A bird's-eye view of gold mines in Guyana. Photo by Evelyn Swain.
A bird's-eye view of gold mines in Guyana. Photo by Evelyn Swain.

Gold mining is the main driver of forest loss and ecosystem degradation in Guyana. But not only are forests at risk, mercury is used in the gold mining process, further contaminating the environment and putting humans and other species’ health at risk.

In an effort to help combat the problem within this important sector of its economy, Guyana has launched a new effort to eliminate mercury use from small-scale artisanal gold mining.

The new project, backed by the Global Environment Facility and other partners including Conservation International and UN Environment, will assist Guyana with converting to mercury free mining by 2025.  It plans to do this by involving business enterprises in the supply chain that will produce and market responsibly mined mercury-free gold from El Dorado.

“El Dorado” has a special significance in Guyana, which was central in the 1500s to the search for the fabled El Dorado city made entirely out of gold.

Guyana is the first of eight countries to launch a national project as part of the GEF funded GOLD – Global Opportunities for Long-term Development in the Artisanal Small Gold Mining Sector – program. The launch included participation by the Minister of Natural Resources of Guyana, the Head of Guyana’s EPA, the Guyana Geology and Mines Commission, the Gold and Diamond Miners’ Association, the Women Miners Organization, and representatives of local indigenous peoples.

Guyana is covered by rainforest on 85% of its territory. While remaining largely intact over the course of history, primarily due to a small population and low accessibility, in the last ten years Guyana’s rainforests have been increasingly exploited for gold mining. The growth in mining activities is largely due to a growing international demand for gold and high gold prices.

Through the GOLD program, the GEF will provide funds to eight countries with a sizable gold mining sector where many artisanal miners still rely on mercury for gold extraction. A GEF investment of $45 million is expected to attract more than $135 million in additional funding from government budget, international financing institutions, and private companies.

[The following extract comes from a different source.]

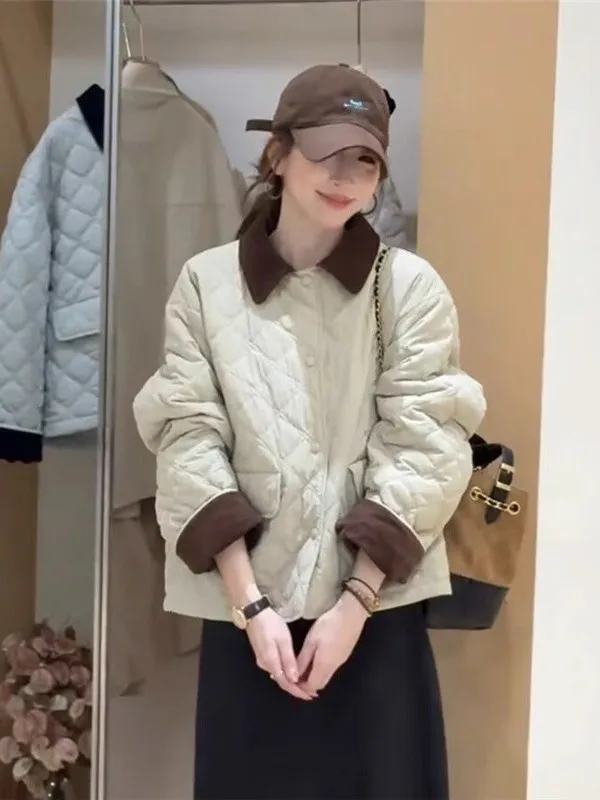 

Women's Thickened Cotton Jacket Winter Warm Outerwear Fashionable Versatile Cotton Coat Collar Long Sleeve Single Button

Conservation International will implement the project in Guyana with government, private sector, and other partners in the sector as part of an initiative to realize a responsible artisanal, small and medium scale gold mining sector. The other projects in the GOLD program will be implemented by UN Environment, UNDP, and UNIDO in Burkina Faso, Colombia, Indonesia, Kenya, Peru, Mongolia and the Philippines.

The establishment of the Minamata Convention on Mercury in 2013 was a milestone in the global fight against mercury pollution. The Guyana project is a bold step forward from the country in order to deliver on their commitment under the convention.